START Records provided

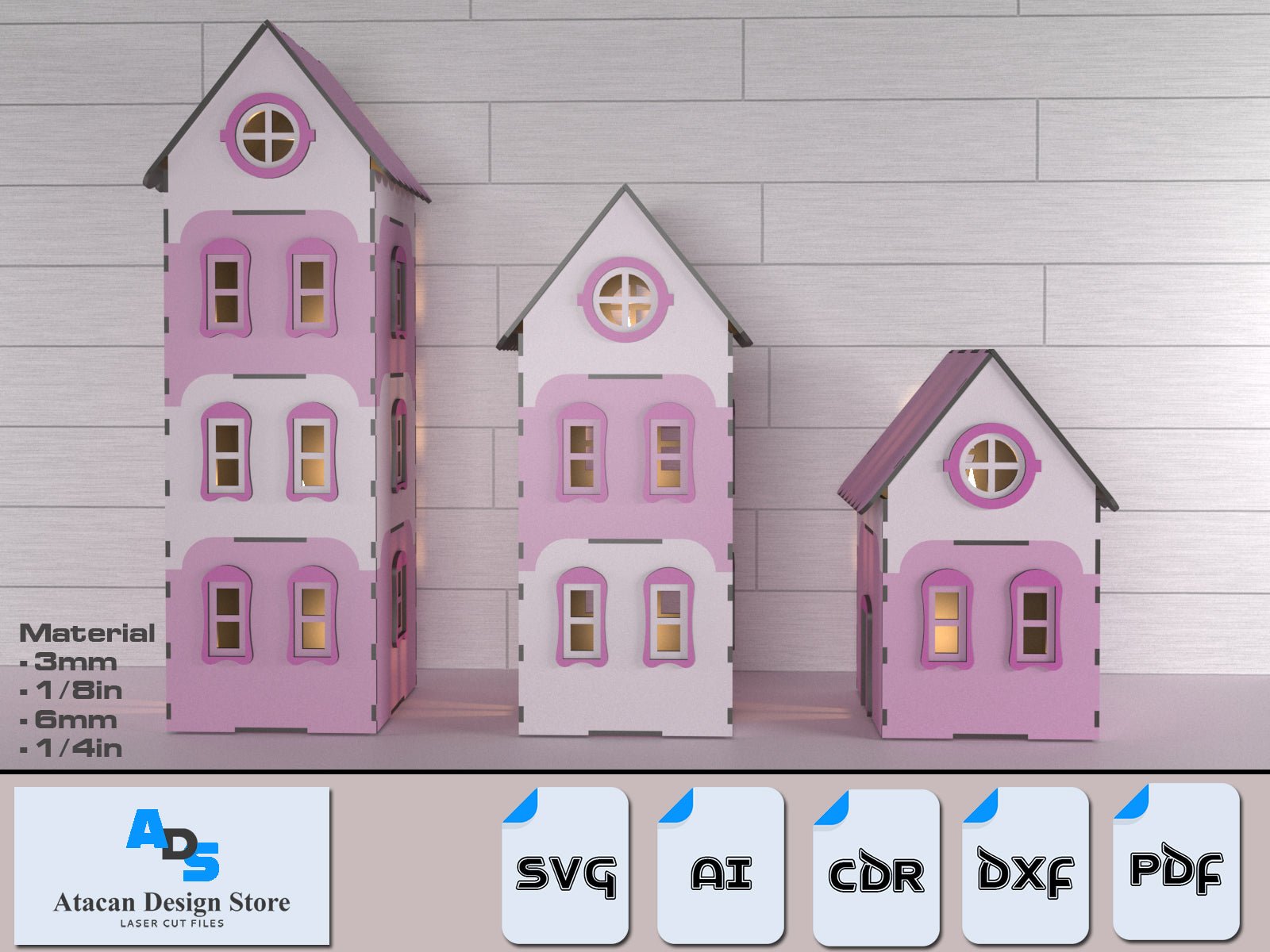 Modular Design Miniature Dollhouse / Apartment Tea Light Lantern Candle Holder / Doll House Home Laser Cut Files SVG DXF Ai CDR PDf ADS356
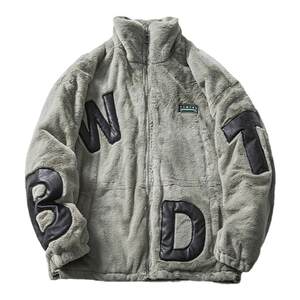 
Mr. WH street retro letter splicing lamb wool stand collar cotton coat men's trendy brand loose couple warm jacket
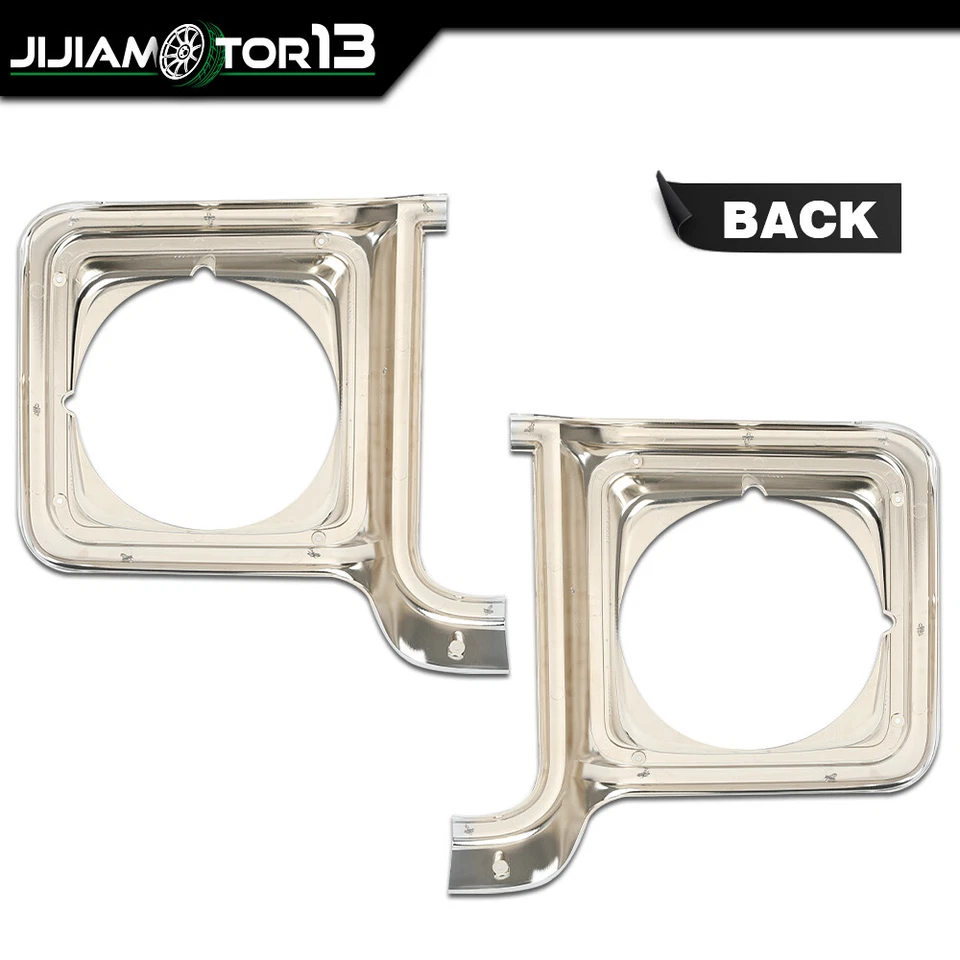 Par de bisel de faros plateados aptos para camioneta Chevy GMC C/K 1973-1978 Foto 4 de 4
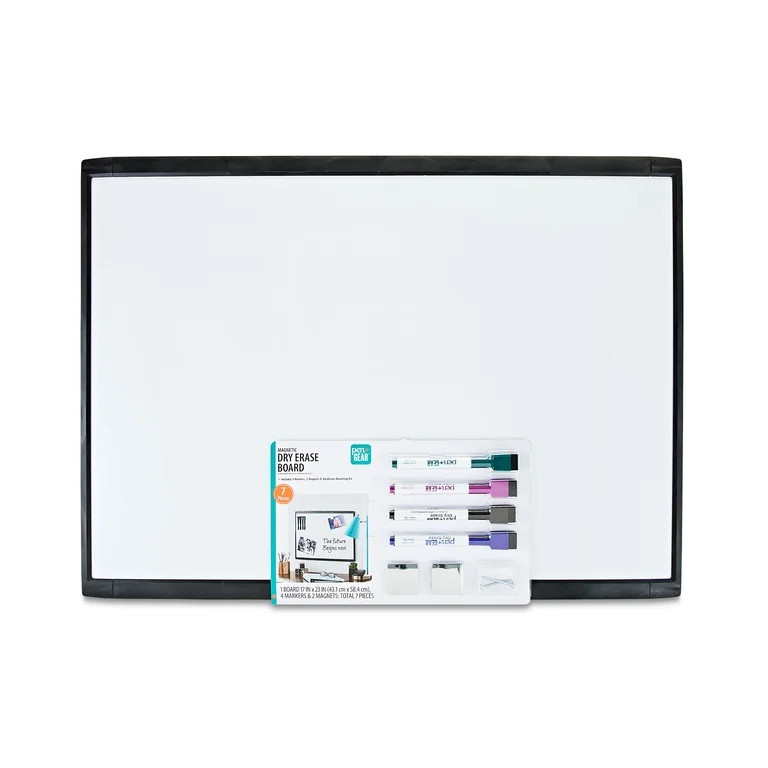 Pen+Gear Magnetic Dry Erase Board, Black, Height 17" x Width 23" x Depth 0.65" | Walmart (US)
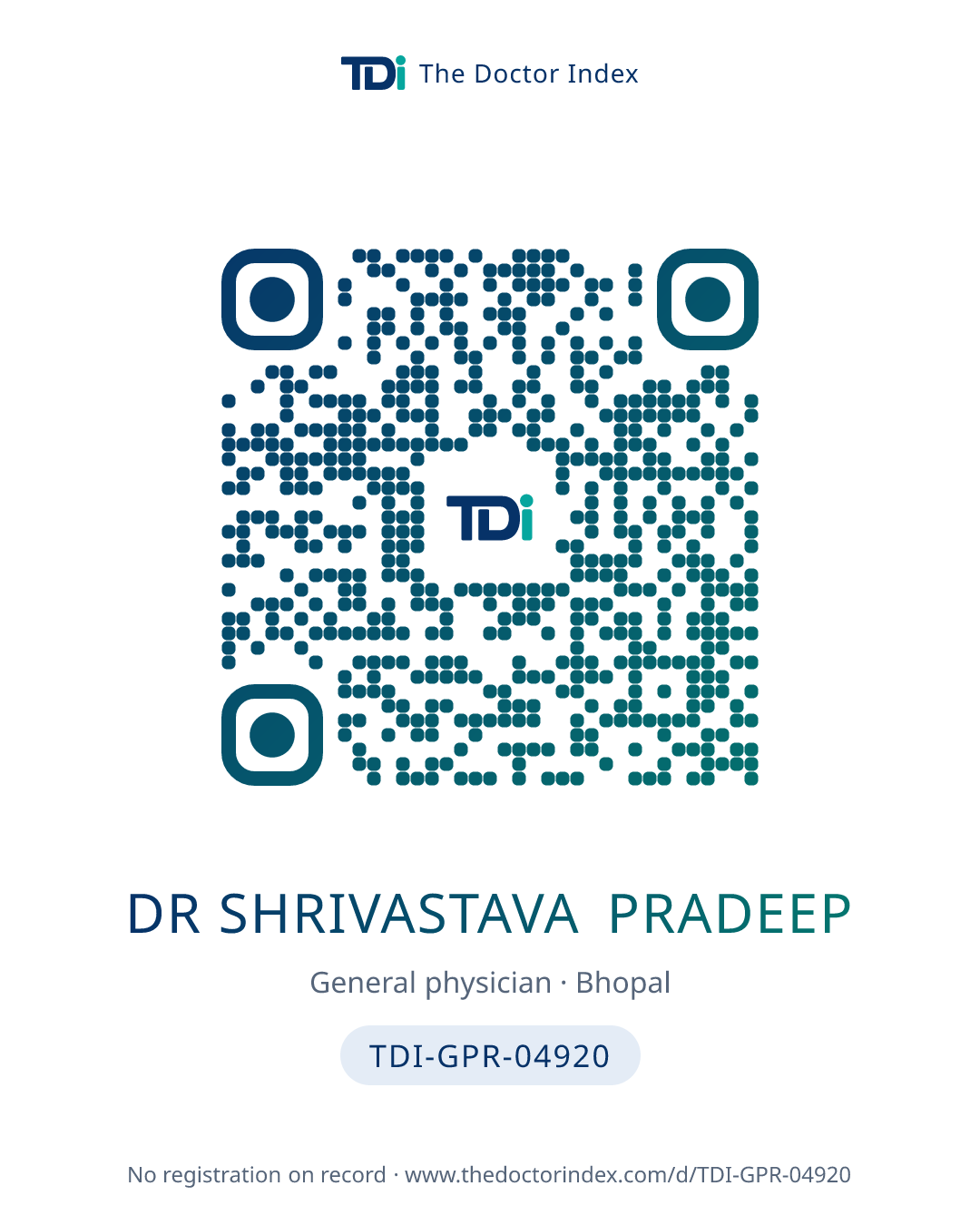QR card for Dr Shrivastava Pradeep, TDI-GPR-04920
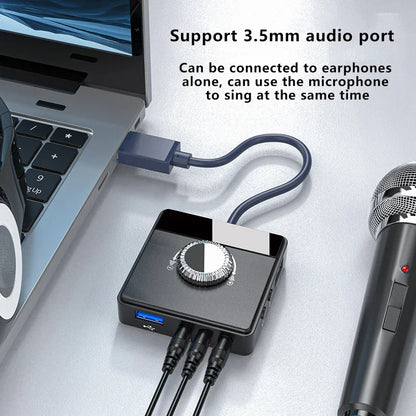 USB External Sound Card 3 Ports USB 2.0 to 3.5mm Sound Card with Volume Control Driver-Free Volume Adjustable Sound Card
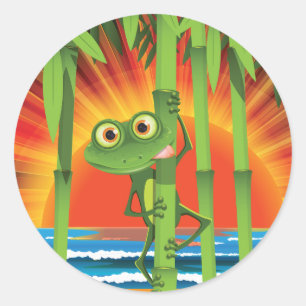 Kikker op bamboe Stickers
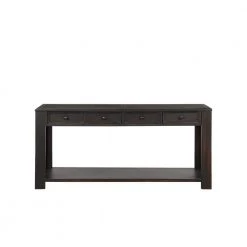 64 in. Black Standard Rectangle Wood Console Table with 4-Storage Drawers and Bottom Shelf by Z-joyee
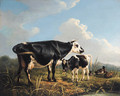 Cows and Ducks beside a Pond - (after) Eugene Joseph Verboeckhoven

END Records provided

**Work task**: Starting with the first line of the data above and ending with the line containing "Par de bisel", please restate every line exactly, leaving images out.

**Answer to this problem**:
 Modular Design Miniature Dollhouse / Apartment Tea Light Lantern Candle Holder / Doll House Home Laser Cut Files SVG DXF Ai CDR PDf ADS356
Mr. WH street retro letter splicing lamb wool stand collar cotton coat men's trendy brand loose couple warm jacket
 Par de bisel de faros plateados aptos para camioneta Chevy GMC C/K 1973-1978 Foto 4 de 4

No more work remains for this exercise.